The Distribution Analysis tool allows you to fit one or more distributions to the input data and compare them based on a number of Goodness-of-Fit* statistics. Based on the statistical significance (p-values) of the results of these tests, the user can determine which distribution best represents the data.

The Distribution Analysis tool can be helpful when trying to understand the overall nature of your data as well as make decisions about how to analyze it. For instance, data that fits a Normal distribution would likely be well-suited to a Linear Regression, while data that is Gamma Distributed might be better-suited to analysis via the Gamma Regression tool.

This tool uses the R programming language. Go to Options > Download Predictive Tools to install R and the packages used by the R Tool.

## Input

An Alteryx data stream with continuous data.
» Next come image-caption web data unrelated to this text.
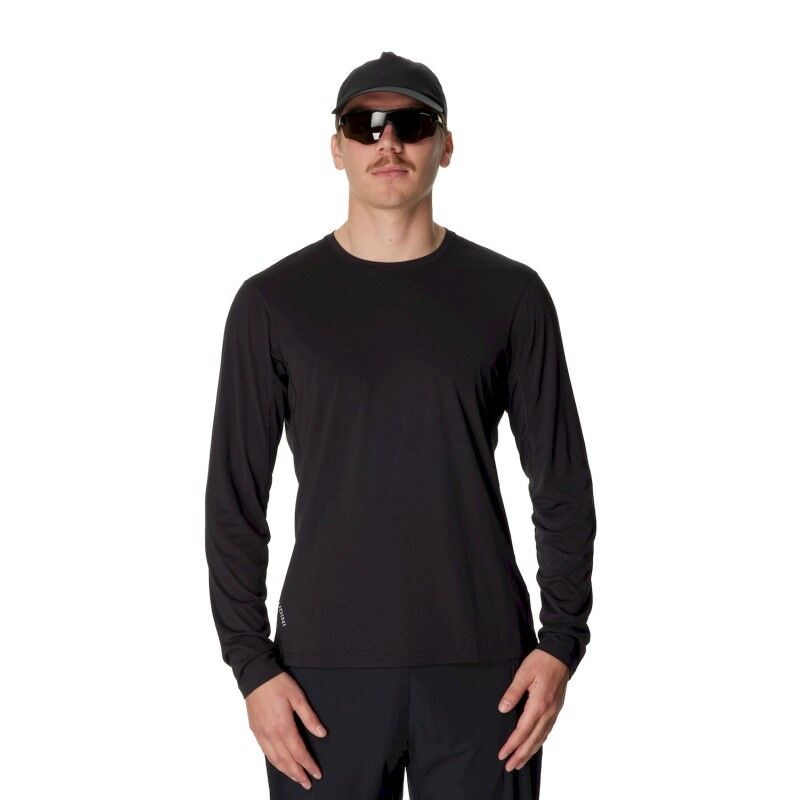 M's Pace Air LS Tee - T-paita - Miehet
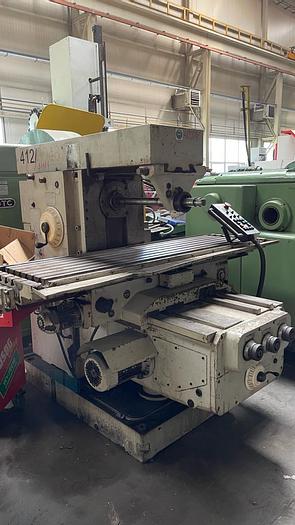 Used Frezarka FU 450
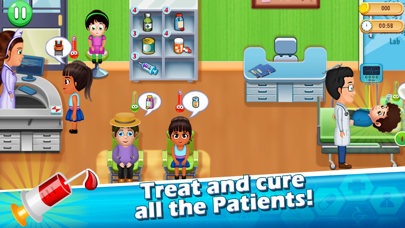 Doctor Surgeon : Hospital Game screenshot 3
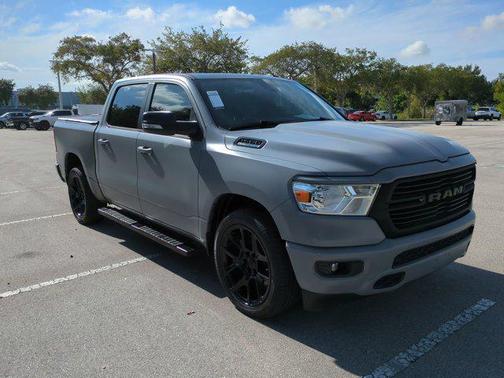2021 RAM 1500 Big Horn/Lone Star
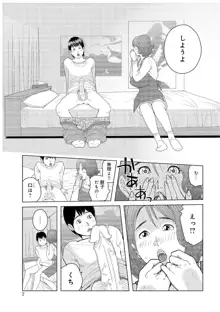 叔母さん 出してもいい? 第1巻, 日本語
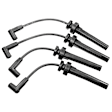 27507 Standard Pro Spark Plug Wire, Set of 4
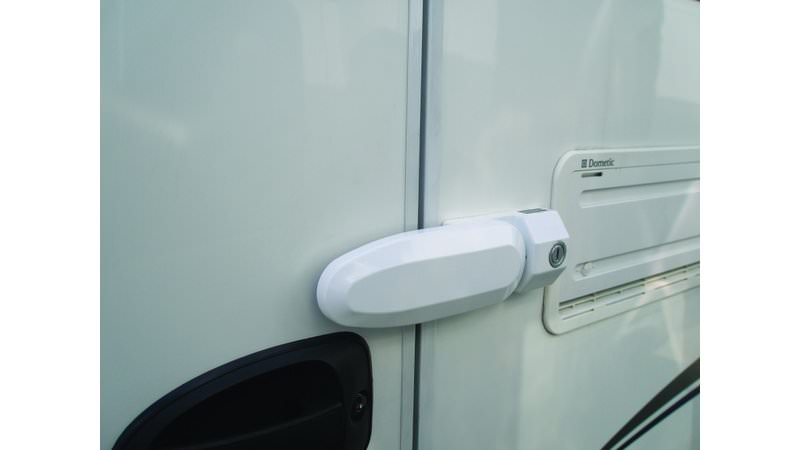 Photo of Milenco Security Caravan Door Lock
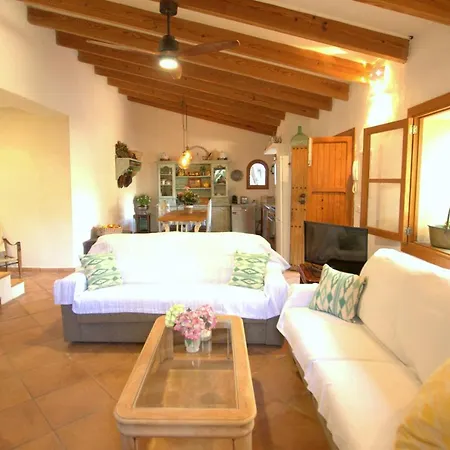 Villa Rustica S'oliveret *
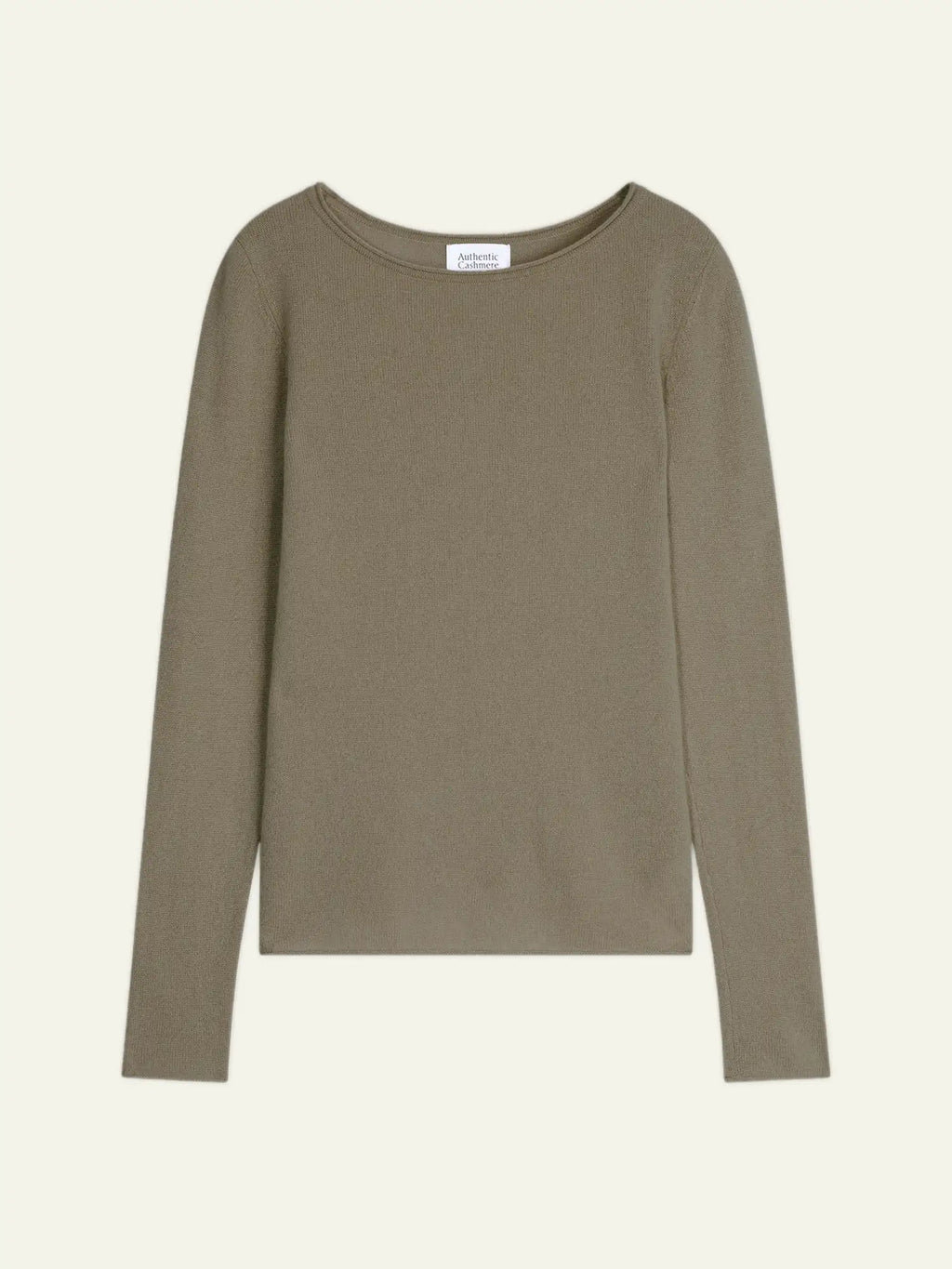 EPÉNA pull col rond army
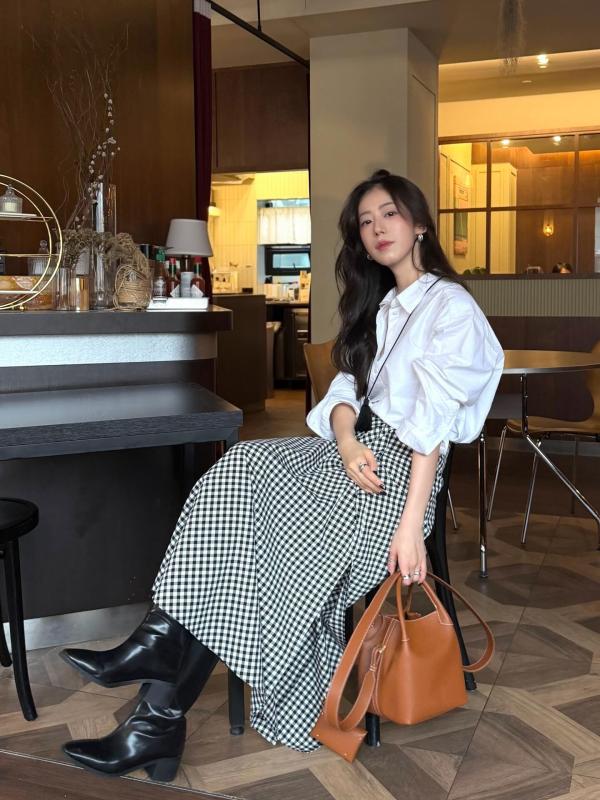 Bây giờ không phải lúc sắm áo khoác hay áo len, đây mới là 5 item nàng cần nhất để vào hè mặc đẹp luôn- Ảnh 3.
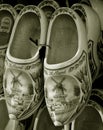 Clogs Royalty Free Stock Photo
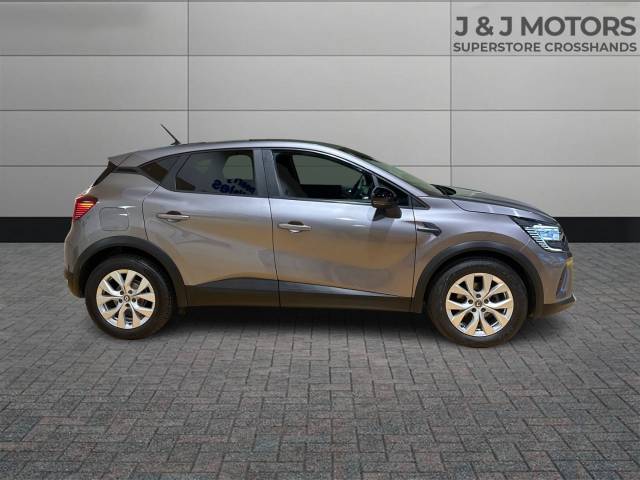 2021 Renault Captur 1.0 TCE 90 Iconic 5dr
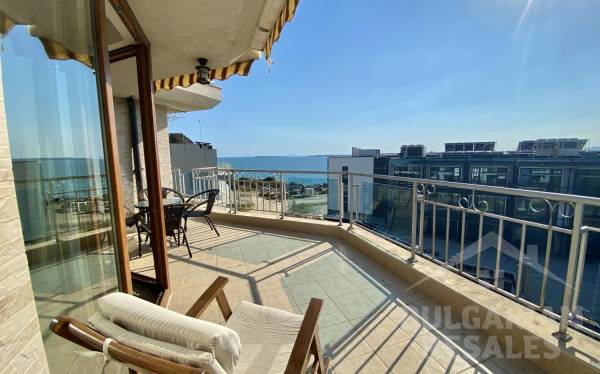 Уникальное предложение! Пентхаус в шаге от пляжа ID: 5438 - Фото 12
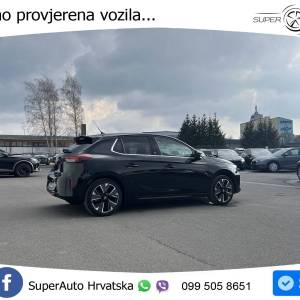 Opel Corsa-e 50 kWh Ultimate 136 KS, LED+GR SJED+VIRT+ASIST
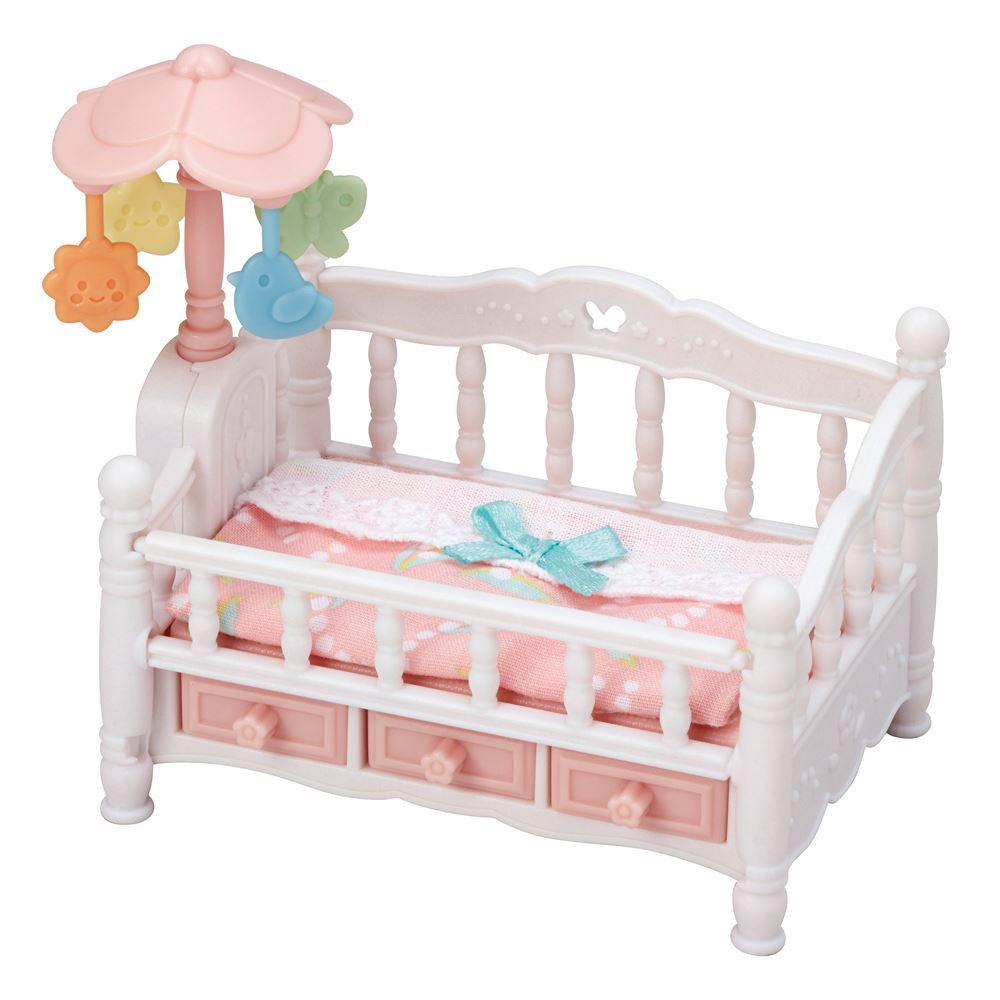 A CUNITA DE LOS TRILLIZOS SYLVANIAN FAMILIES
## Configuration Properties

### Configuration

1. Select a field for analysis: Select a field from the incoming data for analysis.
2. Select distributions for comparison: Select one or more distributions to compare. The distribution options are as follows:
• Normal: A commonly occurring continuous probability distribution that is often used in both the natural and social sciences to represent real-valued random variables (i.e. continuous random variables that can take both positive and negative values).
• Lognormal: A continuous probability distribution of a random variable whose logarithm is normally distributed. This distribution is well-suited to the description of natural phenomena such as growth rate and size distributions. In addition, it is often used to describe income distribution in a sufficiently large population.
• Weibull: A relatively flexible distribution that is closely related to the exponential distribution. It is frequently found in data that describes "failure" rates of some kind, e.g. random mechanical failure, mortality, churn, mechanical wear-out rates, etc.
• Gamma: A continuous probability distribution characterized by a significant concentration of cases at non-integer, non-negative lower values while also allowing for the reasonable possibility of much higher values. The Gamma distribution has a wide range of uses, and is commonly found in data that describes aggregate (or average) amounts per case, e.g. the average size of an insurance claim, measured per individual.

Columns containing unique identifiers, such as surrogate primary keys and natural primary keys, should not be used in statistical analyses. They have no predictive value and can cause runtime exceptions.

The Lognormal, Weibull, and Gamma distributions ONLY work for non-negative data.

### Graphics Options

• Plot size: Configure the dimensions of the probability density graph that is created.
• Graph resolution: Select the resolution of the graph in dots per inch: 1x (96 dpi); 2x (192 dpi); or 3x (288 dpi). Lower resolution creates a smaller file and is best for viewing on a monitor. Higher resolution creates a larger file with better print quality.

## Output

A set of report snippets that includes a histogram, basic summary statistics of the test results, goodness of fit statistics, data quantiles per distribution, and the distribution parameters.

*D'Agostino, R., Stephens, M.A. (1986) Goodness of Fit Techniques.